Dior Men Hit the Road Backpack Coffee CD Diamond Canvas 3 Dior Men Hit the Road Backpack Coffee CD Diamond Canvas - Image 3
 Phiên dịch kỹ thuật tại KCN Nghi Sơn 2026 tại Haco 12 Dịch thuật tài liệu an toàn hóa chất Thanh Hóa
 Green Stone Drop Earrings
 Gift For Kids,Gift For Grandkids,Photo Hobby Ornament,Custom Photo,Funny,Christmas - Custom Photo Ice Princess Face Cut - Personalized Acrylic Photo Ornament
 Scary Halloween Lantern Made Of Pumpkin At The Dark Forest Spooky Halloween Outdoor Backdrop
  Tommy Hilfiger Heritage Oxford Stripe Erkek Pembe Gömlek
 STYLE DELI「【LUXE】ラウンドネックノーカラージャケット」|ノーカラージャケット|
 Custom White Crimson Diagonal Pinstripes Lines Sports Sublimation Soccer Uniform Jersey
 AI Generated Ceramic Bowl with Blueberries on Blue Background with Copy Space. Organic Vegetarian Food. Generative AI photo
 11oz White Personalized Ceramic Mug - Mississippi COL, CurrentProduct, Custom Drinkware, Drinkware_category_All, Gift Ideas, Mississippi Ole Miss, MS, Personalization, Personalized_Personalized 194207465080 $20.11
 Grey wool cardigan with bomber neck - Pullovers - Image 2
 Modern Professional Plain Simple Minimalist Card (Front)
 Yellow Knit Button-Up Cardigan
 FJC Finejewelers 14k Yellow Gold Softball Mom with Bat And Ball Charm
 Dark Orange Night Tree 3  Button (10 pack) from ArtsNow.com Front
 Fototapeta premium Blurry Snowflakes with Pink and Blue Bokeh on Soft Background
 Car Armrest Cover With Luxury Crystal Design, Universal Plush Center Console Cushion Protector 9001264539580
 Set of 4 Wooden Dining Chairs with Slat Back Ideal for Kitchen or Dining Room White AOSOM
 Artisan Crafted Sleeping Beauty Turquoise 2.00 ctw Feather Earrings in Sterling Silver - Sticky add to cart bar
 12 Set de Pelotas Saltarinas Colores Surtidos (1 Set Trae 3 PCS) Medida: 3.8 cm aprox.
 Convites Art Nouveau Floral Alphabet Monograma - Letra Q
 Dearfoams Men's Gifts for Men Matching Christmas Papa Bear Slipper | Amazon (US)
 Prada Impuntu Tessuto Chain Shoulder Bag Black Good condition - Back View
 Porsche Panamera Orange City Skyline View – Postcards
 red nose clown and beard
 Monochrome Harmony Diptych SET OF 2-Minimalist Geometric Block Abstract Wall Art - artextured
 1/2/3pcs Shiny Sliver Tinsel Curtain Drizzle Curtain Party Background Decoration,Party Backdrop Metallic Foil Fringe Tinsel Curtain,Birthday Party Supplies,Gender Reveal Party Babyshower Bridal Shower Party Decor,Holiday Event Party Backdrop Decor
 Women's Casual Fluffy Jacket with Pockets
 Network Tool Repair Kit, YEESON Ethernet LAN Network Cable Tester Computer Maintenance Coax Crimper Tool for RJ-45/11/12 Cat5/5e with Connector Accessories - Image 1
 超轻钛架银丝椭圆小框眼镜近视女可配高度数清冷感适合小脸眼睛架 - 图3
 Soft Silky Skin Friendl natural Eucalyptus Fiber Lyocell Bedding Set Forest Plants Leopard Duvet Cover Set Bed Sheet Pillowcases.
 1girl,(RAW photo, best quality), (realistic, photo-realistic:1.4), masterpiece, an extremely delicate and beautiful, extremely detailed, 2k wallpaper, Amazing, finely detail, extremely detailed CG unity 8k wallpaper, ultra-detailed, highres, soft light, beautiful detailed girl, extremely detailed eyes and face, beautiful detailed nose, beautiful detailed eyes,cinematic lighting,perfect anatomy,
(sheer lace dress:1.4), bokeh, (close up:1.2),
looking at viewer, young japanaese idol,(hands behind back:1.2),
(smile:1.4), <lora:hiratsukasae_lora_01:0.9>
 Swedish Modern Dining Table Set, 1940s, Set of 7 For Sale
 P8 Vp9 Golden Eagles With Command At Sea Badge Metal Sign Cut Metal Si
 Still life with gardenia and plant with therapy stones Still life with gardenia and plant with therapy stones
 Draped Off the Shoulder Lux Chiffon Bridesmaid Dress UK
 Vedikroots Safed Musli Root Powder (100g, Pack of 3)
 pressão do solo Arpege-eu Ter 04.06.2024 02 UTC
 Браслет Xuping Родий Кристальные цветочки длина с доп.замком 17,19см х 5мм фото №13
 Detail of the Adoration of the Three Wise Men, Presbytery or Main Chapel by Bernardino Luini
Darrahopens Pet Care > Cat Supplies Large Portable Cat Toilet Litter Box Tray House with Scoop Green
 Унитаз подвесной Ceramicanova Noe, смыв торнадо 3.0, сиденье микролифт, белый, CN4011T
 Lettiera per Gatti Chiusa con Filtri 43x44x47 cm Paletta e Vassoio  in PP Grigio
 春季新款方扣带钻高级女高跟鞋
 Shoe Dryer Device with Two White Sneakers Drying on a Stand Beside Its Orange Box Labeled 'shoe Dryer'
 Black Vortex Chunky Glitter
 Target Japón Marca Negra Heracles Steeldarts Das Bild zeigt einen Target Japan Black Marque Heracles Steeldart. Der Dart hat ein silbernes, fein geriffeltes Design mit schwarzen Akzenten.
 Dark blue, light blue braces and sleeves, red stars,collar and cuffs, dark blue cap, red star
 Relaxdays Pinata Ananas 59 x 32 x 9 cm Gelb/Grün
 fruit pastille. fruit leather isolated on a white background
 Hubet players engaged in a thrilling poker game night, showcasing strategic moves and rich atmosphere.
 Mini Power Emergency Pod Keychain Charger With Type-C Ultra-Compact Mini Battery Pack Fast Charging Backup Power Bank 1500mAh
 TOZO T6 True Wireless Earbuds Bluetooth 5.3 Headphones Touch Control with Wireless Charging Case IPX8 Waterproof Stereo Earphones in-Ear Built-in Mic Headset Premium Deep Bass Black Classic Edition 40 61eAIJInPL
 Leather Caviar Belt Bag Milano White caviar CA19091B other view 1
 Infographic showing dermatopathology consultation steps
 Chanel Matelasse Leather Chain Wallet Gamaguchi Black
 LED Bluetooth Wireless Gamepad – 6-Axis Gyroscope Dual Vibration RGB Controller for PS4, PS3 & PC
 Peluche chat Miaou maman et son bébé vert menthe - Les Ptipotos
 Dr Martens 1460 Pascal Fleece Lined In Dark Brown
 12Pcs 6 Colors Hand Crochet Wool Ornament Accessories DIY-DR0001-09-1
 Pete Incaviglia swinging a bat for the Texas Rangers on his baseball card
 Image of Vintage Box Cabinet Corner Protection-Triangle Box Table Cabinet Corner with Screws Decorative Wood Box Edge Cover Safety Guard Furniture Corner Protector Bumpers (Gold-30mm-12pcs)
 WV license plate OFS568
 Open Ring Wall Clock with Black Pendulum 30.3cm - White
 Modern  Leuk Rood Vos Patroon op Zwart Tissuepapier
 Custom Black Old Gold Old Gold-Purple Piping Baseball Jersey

======

§ **EXERCISE REQUIREMENTS**
Copy every entry exactly, leaving nothing out.

§ **TASK RESPONSE**
Dior Men Hit the Road Backpack Coffee CD Diamond Canvas 3 Dior Men Hit the Road Backpack Coffee CD Diamond Canvas - Image 3
 Phiên dịch kỹ thuật tại KCN Nghi Sơn 2026 tại Haco 12 Dịch thuật tài liệu an toàn hóa chất Thanh Hóa
 Green Stone Drop Earrings
 Gift For Kids,Gift For Grandkids,Photo Hobby Ornament,Custom Photo,Funny,Christmas - Custom Photo Ice Princess Face Cut - Personalized Acrylic Photo Ornament
 Scary Halloween Lantern Made Of Pumpkin At The Dark Forest Spooky Halloween Outdoor Backdrop
  Tommy Hilfiger Heritage Oxford Stripe Erkek Pembe Gömlek
 STYLE DELI「【LUXE】ラウンドネックノーカラージャケット」|ノーカラージャケット|
 Custom White Crimson Diagonal Pinstripes Lines Sports Sublimation Soccer Uniform Jersey
 AI Generated Ceramic Bowl with Blueberries on Blue Background with Copy Space. Organic Vegetarian Food. Generative AI photo
 11oz White Personalized Ceramic Mug - Mississippi COL, CurrentProduct, Custom Drinkware, Drinkware_category_All, Gift Ideas, Mississippi Ole Miss, MS, Personalization, Personalized_Personalized 194207465080 $20.11
 Grey wool cardigan with bomber neck - Pullovers - Image 2
 Modern Professional Plain Simple Minimalist Card (Front)
 Yellow Knit Button-Up Cardigan
 FJC Finejewelers 14k Yellow Gold Softball Mom with Bat And Ball Charm
 Dark Orange Night Tree 3  Button (10 pack) from ArtsNow.com Front
 Fototapeta premium Blurry Snowflakes with Pink and Blue Bokeh on Soft Background
 Car Armrest Cover With Luxury Crystal Design, Universal Plush Center Console Cushion Protector 9001264539580
 Set of 4 Wooden Dining Chairs with Slat Back Ideal for Kitchen or Dining Room White AOSOM
 Artisan Crafted Sleeping Beauty Turquoise 2.00 ctw Feather Earrings in Sterling Silver - Sticky add to cart bar
 12 Set de Pelotas Saltarinas Colores Surtidos (1 Set Trae 3 PCS) Medida: 3.8 cm aprox.
 Convites Art Nouveau Floral Alphabet Monograma - Letra Q
 Dearfoams Men's Gifts for Men Matching Christmas Papa Bear Slipper | Amazon (US)
 Prada Impuntu Tessuto Chain Shoulder Bag Black Good condition - Back View
 Porsche Panamera Orange City Skyline View – Postcards
 red nose clown and beard
 Monochrome Harmony Diptych SET OF 2-Minimalist Geometric Block Abstract Wall Art - artextured
 1/2/3pcs Shiny Sliver Tinsel Curtain Drizzle Curtain Party Background Decoration,Party Backdrop Metallic Foil Fringe Tinsel Curtain,Birthday Party Supplies,Gender Reveal Party Babyshower Bridal Shower Party Decor,Holiday Event Party Backdrop Decor
 Women's Casual Fluffy Jacket with Pockets
 Network Tool Repair Kit, YEESON Ethernet LAN Network Cable Tester Computer Maintenance Coax Crimper Tool for RJ-45/11/12 Cat5/5e with Connector Accessories - Image 1
 超轻钛架银丝椭圆小框眼镜近视女可配高度数清冷感适合小脸眼睛架 - 图3
 Soft Silky Skin Friendl natural Eucalyptus Fiber Lyocell Bedding Set Forest Plants Leopard Duvet Cover Set Bed Sheet Pillowcases.
 1girl,(RAW photo, best quality), (realistic, photo-realistic:1.4), masterpiece, an extremely delicate and beautiful, extremely detailed, 2k wallpaper, Amazing, finely detail, extremely detailed CG unity 8k wallpaper, ultra-detailed, highres, soft light, beautiful detailed girl, extremely detailed eyes and face, beautiful detailed nose, beautiful detailed eyes,cinematic lighting,perfect anatomy,
(sheer lace dress:1.4), bokeh, (close up:1.2),
looking at viewer, young japanaese idol,(hands behind back:1.2),
(smile:1.4), <lora:hiratsukasae_lora_01:0.9>
 Swedish Modern Dining Table Set, 1940s, Set of 7 For Sale
 P8 Vp9 Golden Eagles With Command At Sea Badge Metal Sign Cut Metal Si
 Still life with gardenia and plant with therapy stones Still life with gardenia and plant with therapy stones
 Draped Off the Shoulder Lux Chiffon Bridesmaid Dress UK
 Vedikroots Safed Musli Root Powder (100g, Pack of 3)
 pressão do solo Arpege-eu Ter 04.06.2024 02 UTC
 Браслет Xuping Родий Кристальные цветочки длина с доп.замком 17,19см х 5мм фото №13
 Detail of the Adoration of the Three Wise Men, Presbytery or Main Chapel by Bernardino Luini
Darrahopens Pet Care > Cat Supplies Large Portable Cat Toilet Litter Box Tray House with Scoop Green
 Унитаз подвесной Ceramicanova Noe, смыв торнадо 3.0, сиденье микролифт, белый, CN4011T
 Lettiera per Gatti Chiusa con Filtri 43x44x47 cm Paletta e Vassoio  in PP Grigio
 春季新款方扣带钻高级女高跟鞋
 Shoe Dryer Device with Two White Sneakers Drying on a Stand Beside Its Orange Box Labeled 'shoe Dryer'
 Black Vortex Chunky Glitter
 Target Japón Marca Negra Heracles Steeldarts Das Bild zeigt einen Target Japan Black Marque Heracles Steeldart. Der Dart hat ein silbernes, fein geriffeltes Design mit schwarzen Akzenten.
 Dark blue, light blue braces and sleeves, red stars,collar and cuffs, dark blue cap, red star
 Relaxdays Pinata Ananas 59 x 32 x 9 cm Gelb/Grün
 fruit pastille. fruit leather isolated on a white background
 Hubet players engaged in a thrilling poker game night, showcasing strategic moves and rich atmosphere.
 Mini Power Emergency Pod Keychain Charger With Type-C Ultra-Compact Mini Battery Pack Fast Charging Backup Power Bank 1500mAh
 TOZO T6 True Wireless Earbuds Bluetooth 5.3 Headphones Touch Control with Wireless Charging Case IPX8 Waterproof Stereo Earphones in-Ear Built-in Mic Headset Premium Deep Bass Black Classic Edition 40 61eAIJInPL
 Leather Caviar Belt Bag Milano White caviar CA19091B other view 1
 Infographic showing dermatopathology consultation steps
 Chanel Matelasse Leather Chain Wallet Gamaguchi Black
 LED Bluetooth Wireless Gamepad – 6-Axis Gyroscope Dual Vibration RGB Controller for PS4, PS3 & PC
 Peluche chat Miaou maman et son bébé vert menthe - Les Ptipotos
 Dr Martens 1460 Pascal Fleece Lined In Dark Brown
 12Pcs 6 Colors Hand Crochet Wool Ornament Accessories DIY-DR0001-09-1
 Pete Incaviglia swinging a bat for the Texas Rangers on his baseball card
 Image of Vintage Box Cabinet Corner Protection-Triangle Box Table Cabinet Corner with Screws Decorative Wood Box Edge Cover Safety Guard Furniture Corner Protector Bumpers (Gold-30mm-12pcs)
 WV license plate OFS568
 Open Ring Wall Clock with Black Pendulum 30.3cm - White
 Modern  Leuk Rood Vos Patroon op Zwart Tissuepapier
 Custom Black Old Gold Old Gold-Purple Piping Baseball Jersey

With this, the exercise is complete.